--- Data provided Enclosed Below ---
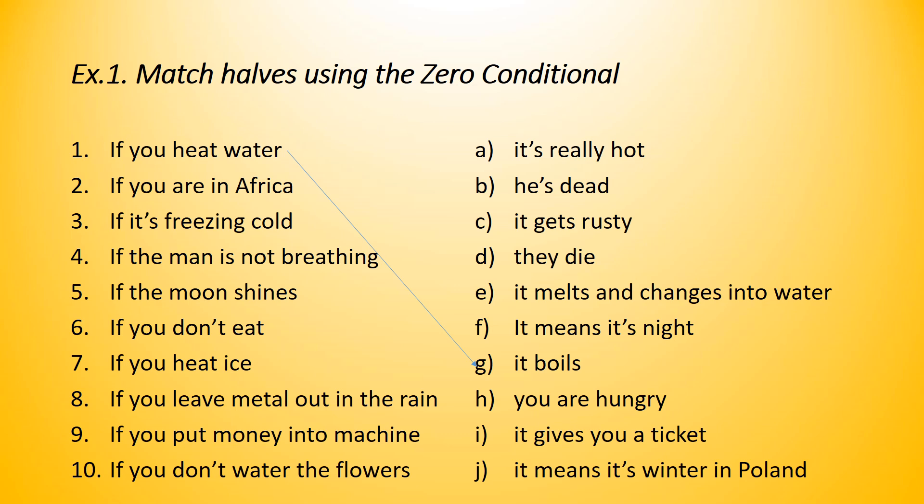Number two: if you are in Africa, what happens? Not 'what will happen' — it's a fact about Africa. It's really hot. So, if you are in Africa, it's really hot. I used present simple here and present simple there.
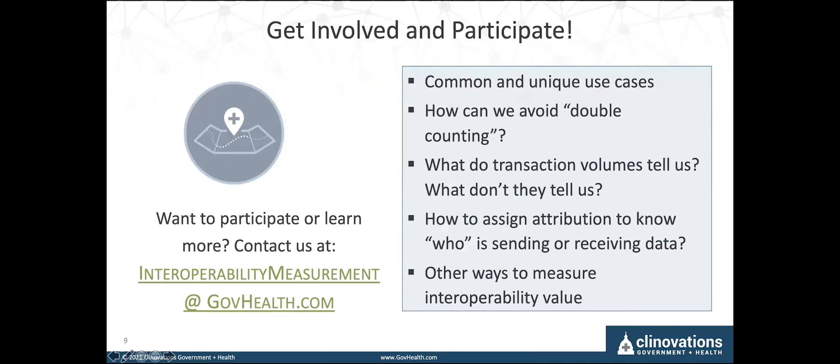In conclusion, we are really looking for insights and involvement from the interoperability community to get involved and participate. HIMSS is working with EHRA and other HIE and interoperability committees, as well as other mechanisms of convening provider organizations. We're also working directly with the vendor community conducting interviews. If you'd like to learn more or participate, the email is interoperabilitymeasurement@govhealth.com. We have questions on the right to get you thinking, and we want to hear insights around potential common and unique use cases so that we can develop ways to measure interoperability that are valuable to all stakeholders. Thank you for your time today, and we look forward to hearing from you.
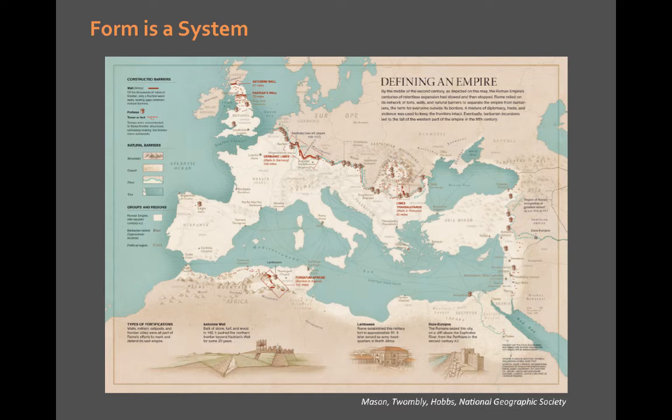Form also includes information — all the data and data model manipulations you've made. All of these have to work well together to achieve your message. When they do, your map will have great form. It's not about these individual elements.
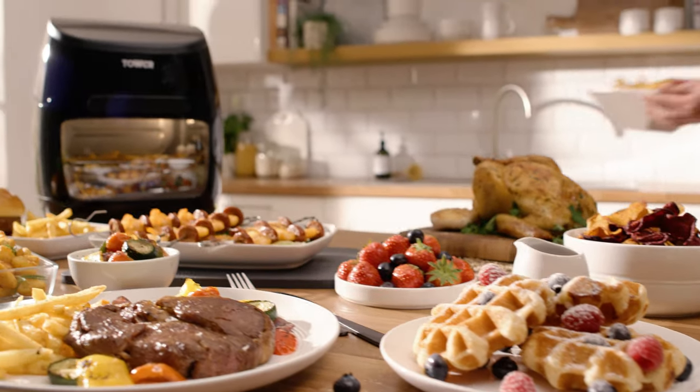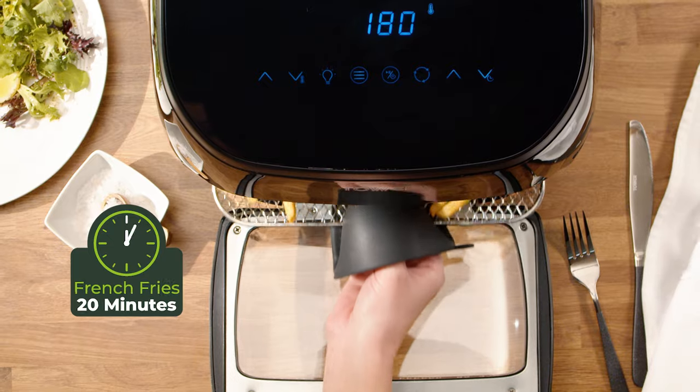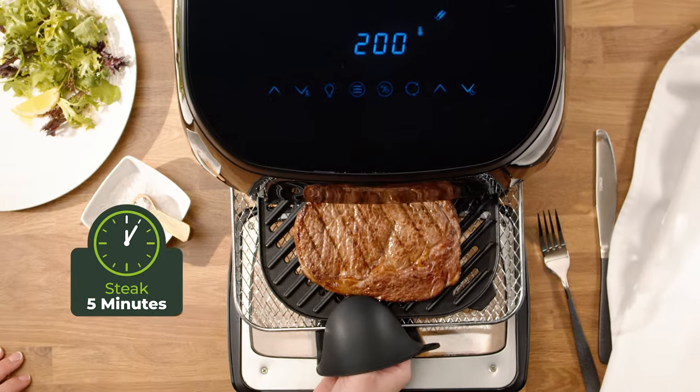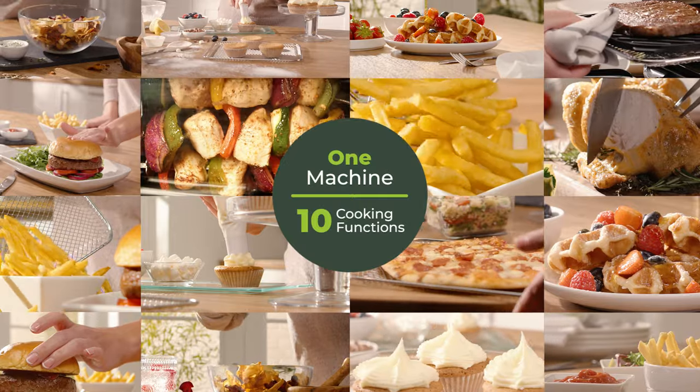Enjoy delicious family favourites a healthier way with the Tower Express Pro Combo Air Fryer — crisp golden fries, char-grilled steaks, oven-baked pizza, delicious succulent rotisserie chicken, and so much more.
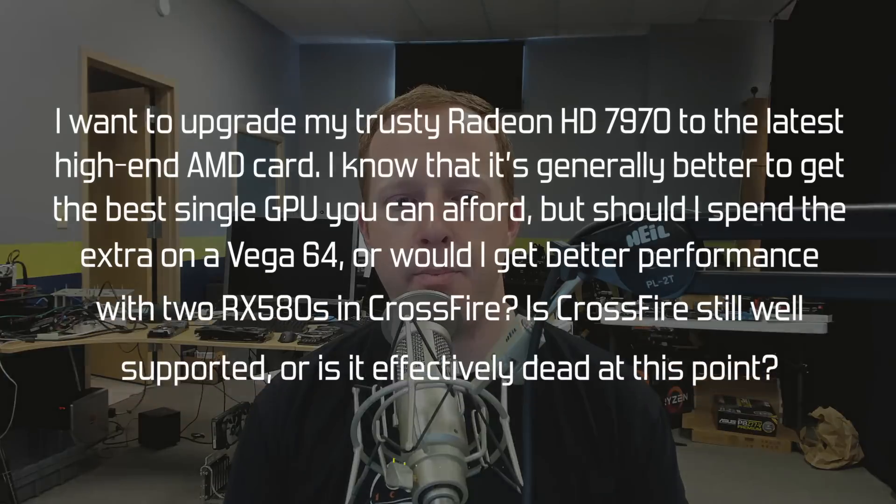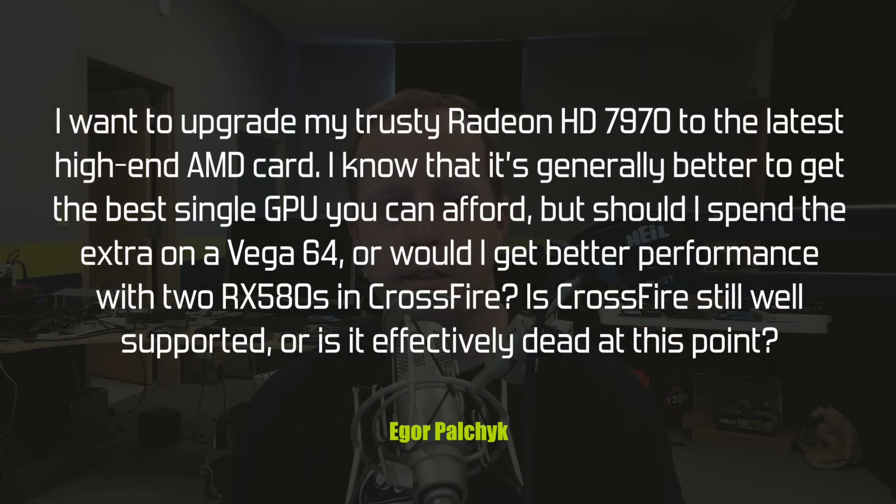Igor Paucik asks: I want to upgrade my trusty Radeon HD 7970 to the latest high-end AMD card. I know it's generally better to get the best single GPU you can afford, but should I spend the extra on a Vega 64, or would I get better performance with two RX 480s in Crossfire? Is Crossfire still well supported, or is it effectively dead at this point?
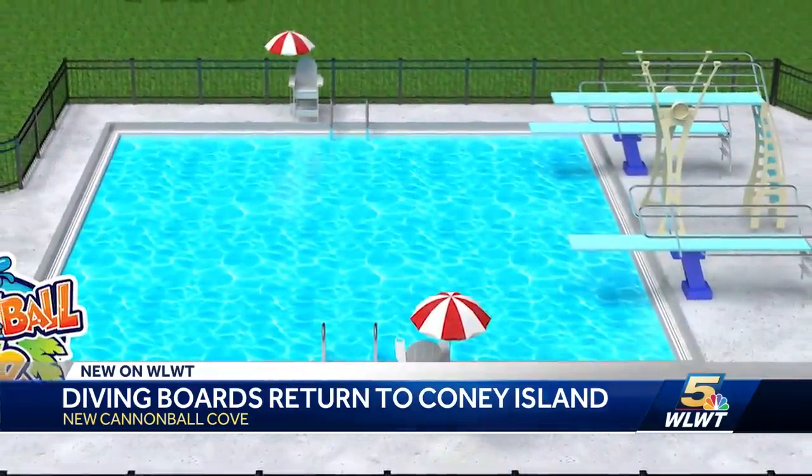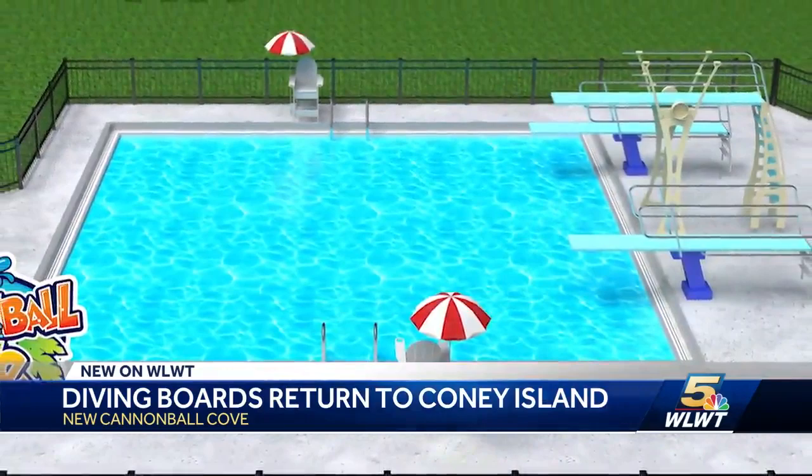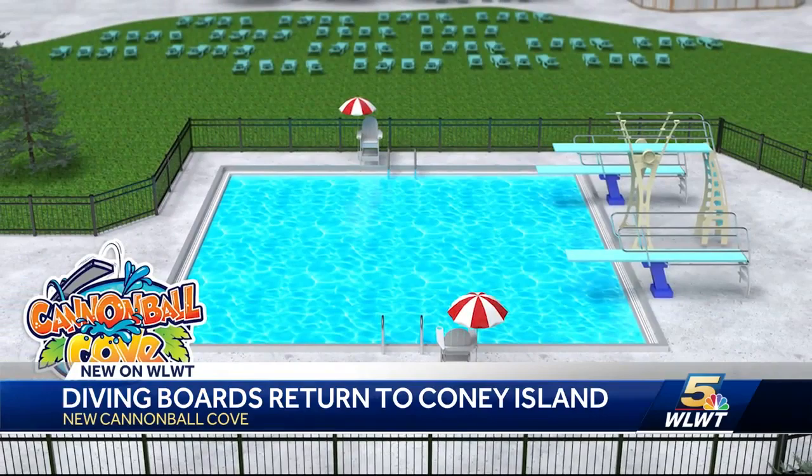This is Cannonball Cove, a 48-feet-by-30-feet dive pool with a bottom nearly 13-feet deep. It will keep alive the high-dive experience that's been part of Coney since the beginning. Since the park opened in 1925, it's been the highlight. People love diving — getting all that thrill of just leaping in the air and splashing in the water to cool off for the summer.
--- End of Enclosed Data provided ---
--- Data provided Enclosed Below ---
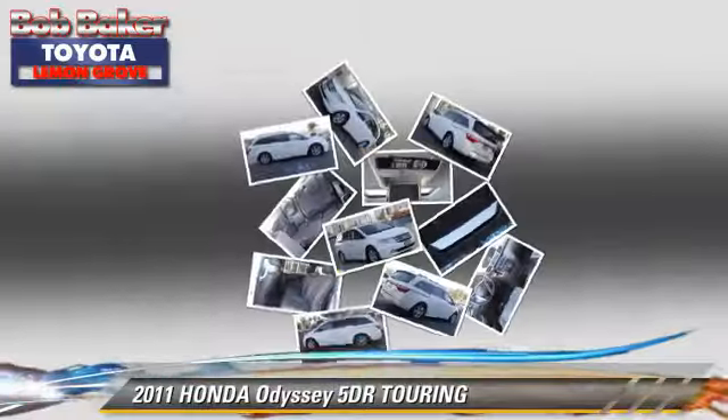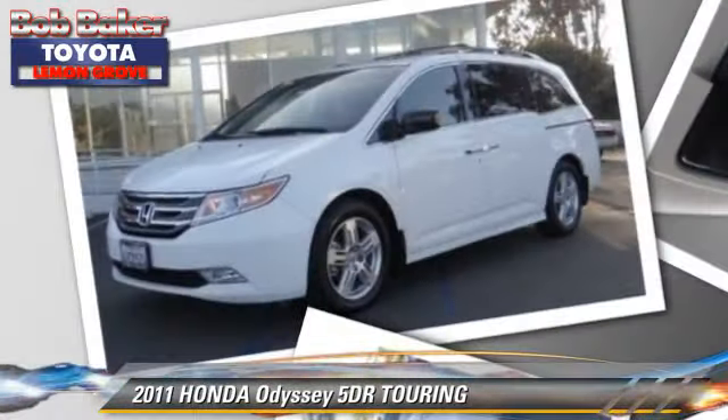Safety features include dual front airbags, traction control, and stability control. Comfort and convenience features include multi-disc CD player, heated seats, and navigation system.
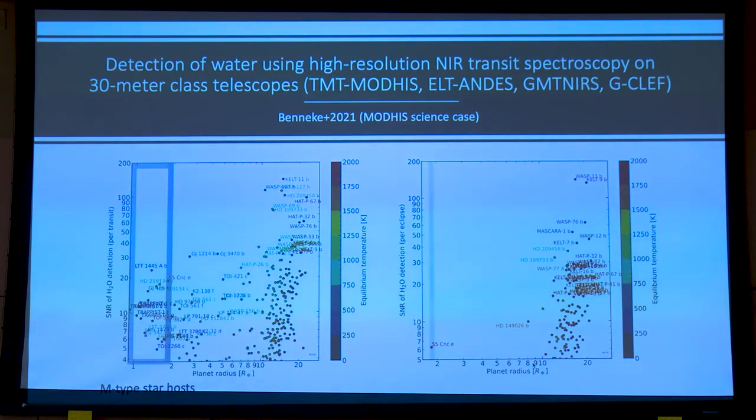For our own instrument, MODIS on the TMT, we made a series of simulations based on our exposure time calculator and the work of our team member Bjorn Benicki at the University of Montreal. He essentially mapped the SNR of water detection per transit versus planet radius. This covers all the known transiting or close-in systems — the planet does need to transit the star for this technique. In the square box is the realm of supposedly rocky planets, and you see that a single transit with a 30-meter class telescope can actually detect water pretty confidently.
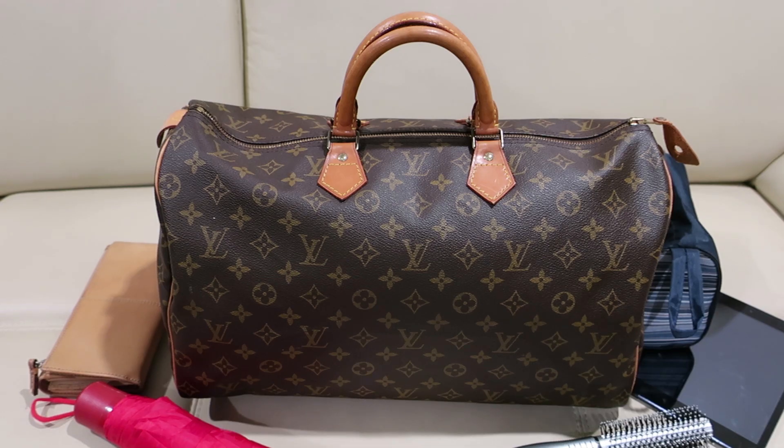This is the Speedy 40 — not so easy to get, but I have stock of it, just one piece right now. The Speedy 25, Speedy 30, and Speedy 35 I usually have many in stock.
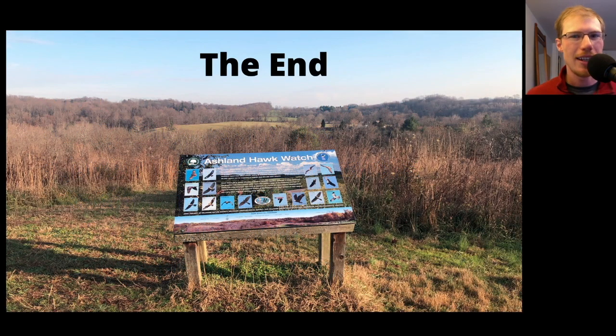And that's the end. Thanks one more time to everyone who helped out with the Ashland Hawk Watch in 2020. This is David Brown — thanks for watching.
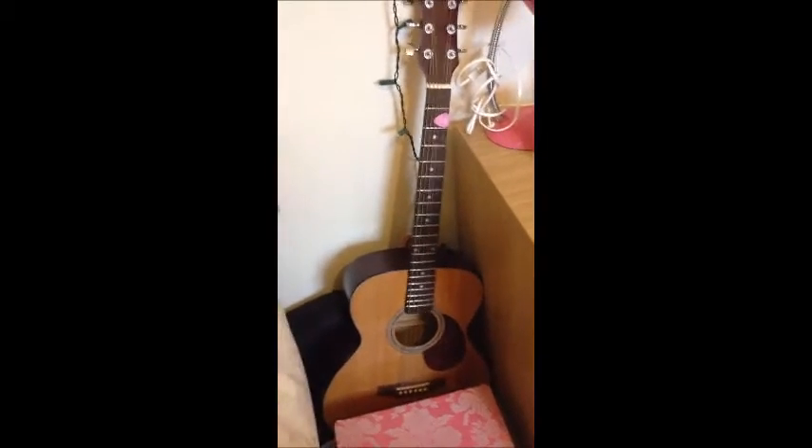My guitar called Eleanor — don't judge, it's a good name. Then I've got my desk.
--- End of Enclosed Data provided ---
--- Data provided Enclosed Below ---
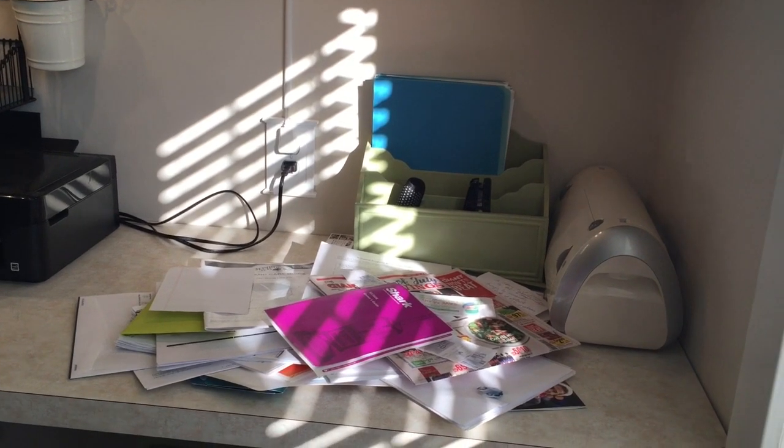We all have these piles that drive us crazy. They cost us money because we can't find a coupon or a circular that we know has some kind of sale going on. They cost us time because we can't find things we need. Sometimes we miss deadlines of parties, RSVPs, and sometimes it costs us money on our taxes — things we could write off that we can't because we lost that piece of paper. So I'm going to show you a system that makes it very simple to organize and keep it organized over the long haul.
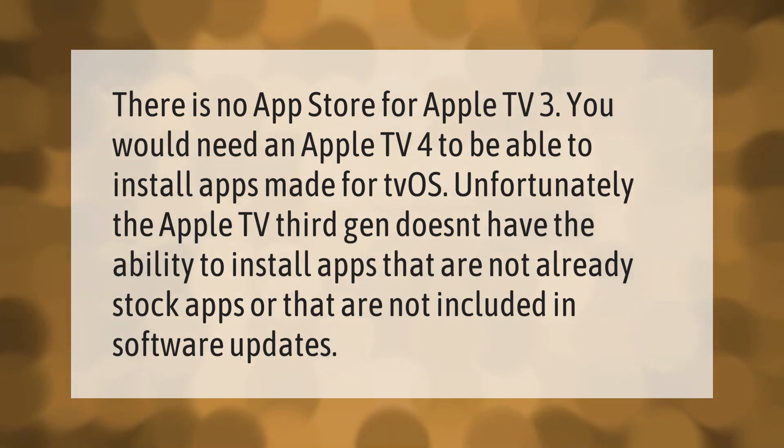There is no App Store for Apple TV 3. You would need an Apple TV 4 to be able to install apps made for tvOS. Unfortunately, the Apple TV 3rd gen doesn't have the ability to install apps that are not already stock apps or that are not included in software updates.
--- End of Enclosed Data provided ---
Instructions for the task -
Above this task is a listing with pictures in it. Retype only the lines from the one containing "Number two: if" through the one containing "Igor Paucik asks: I", both included, and not the pictures.

Written solution -
Number two: if you are in Africa, what happens? Not 'what will happen' — it's a fact about Africa. It's really hot. So, if you are in Africa, it's really hot. I used present simple here and present simple there.
In conclusion, we are really looking for insights and involvement from the interoperability community to get involved and participate. HIMSS is working with EHRA and other HIE and interoperability committees, as well as other mechanisms of convening provider organizations. We're also working directly with the vendor community conducting interviews. If you'd like to learn more or participate, the email is interoperabilitymeasurement@govhealth.com. We have questions on the right to get you thinking, and we want to hear insights around potential common and unique use cases so that we can develop ways to measure interoperability that are valuable to all stakeholders. Thank you for your time today, and we look forward to hearing from you.
Form also includes information — all the data and data model manipulations you've made. All of these have to work well together to achieve your message. When they do, your map will have great form. It's not about these individual elements.
Enjoy delicious family favourites a healthier way with the Tower Express Pro Combo Air Fryer — crisp golden fries, char-grilled steaks, oven-baked pizza, delicious succulent rotisserie chicken, and so much more.
Igor Paucik asks: I want to upgrade my trusty Radeon HD 7970 to the latest high-end AMD card. I know it's generally better to get the best single GPU you can afford, but should I spend the extra on a Vega 64, or would I get better performance with two RX 480s in Crossfire? Is Crossfire still well supported, or is it effectively dead at this point?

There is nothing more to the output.